FIRST MILLENNIUM AD PATTERNS OF SETTLEMENT AND ECONOMIC CHANGE IN TUSCANY AND SICILY (ITALY): DEVELOPING NEW RESEARCH TECHNIQUES AND COMPARING ARCHAEOLOGICAL LANDSCAPES
FIRST MILLENNIUM AD PATTERNS OF SETTLEMENT AND ECO.. (TECHCOMPARCHLAND)
FIRST MILLENNIUM AD PATTERNS OF SETTLEMENT AND ECONOMIC CHANGE IN TUSCANY AND SICILY (ITALY): DEVELOPING NEW RESEARCH TECHNIQUES AND COMPARING ARCHAEOLOGICAL LANDSCAPES
(TECHCOMPARCHLAND)
Start date: Sep 28, 2009,
End date: Sep 27, 2011
PROJECT
FINISHED
"Italy, in light of its central position in the Mediterranean and complex histories throughout the period, represents the ideal context for analysing how patterns of continuity and discontinuity determined medieval Europe’s birth. The proposed project aims at comparing 1st millennium AD economic and settlement patterns between two territories of Italy, using an innovative cross-disciplinary approach. A comparison between a territory in southern Tuscany, a part of central Italy that became economically marginal during the late Roman period, and a sample area in south-eastern Sicily, a region that maintained a central role in the economic and political Mediterranean framework, can show how local economies developed in different ways during and after the decline of Roman world and thus witnessed the development of new proto-European economies. This project proposes to develop and use innovative technologies, among these an intensive use of DGPS during field work, to improve the quality of recording and enter that detailed data into a GIS base for further processing.
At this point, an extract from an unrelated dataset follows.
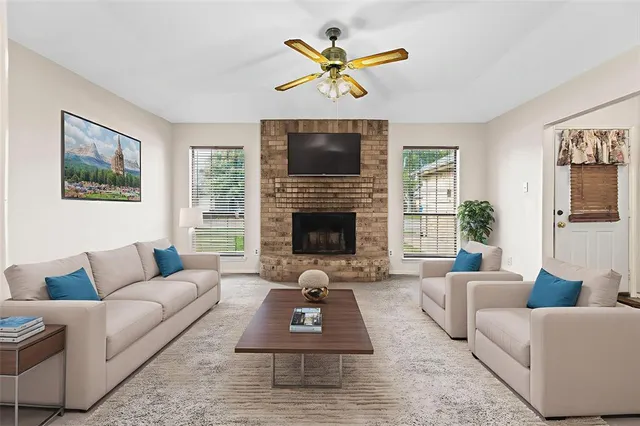 an empty room with windows fireplace and a ceiling fan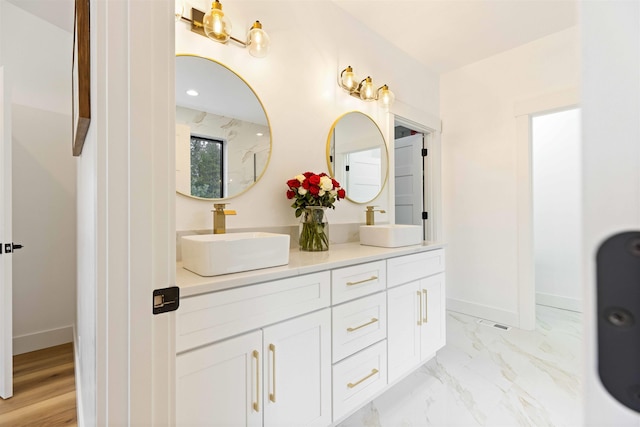 bathroom with baseboards, marble finish floor, and a sink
Field survey will be integrated by novel techniques of remote sensing, such as LiDAR, to allow us to investigate woodlands of low archaeological visibility, which are quite widespread especially in southern Tuscany. The research strategy has also planned to integrate field walking survey with geo-archaeological survey for reconstructing Roman and medieval links between the agricultural communities and the surrounding environment. Finally the analysis of the Roman and medieval pottery will be carried out through an analytical and statistical approach to reconstruct past trade and industrial practices. The work programme that we propose consists of an advanced laboratory-based activity and new field methodologies to strengthen the base of data on which we will construct long term interpretative models. The research results will be published in international journals and web pages."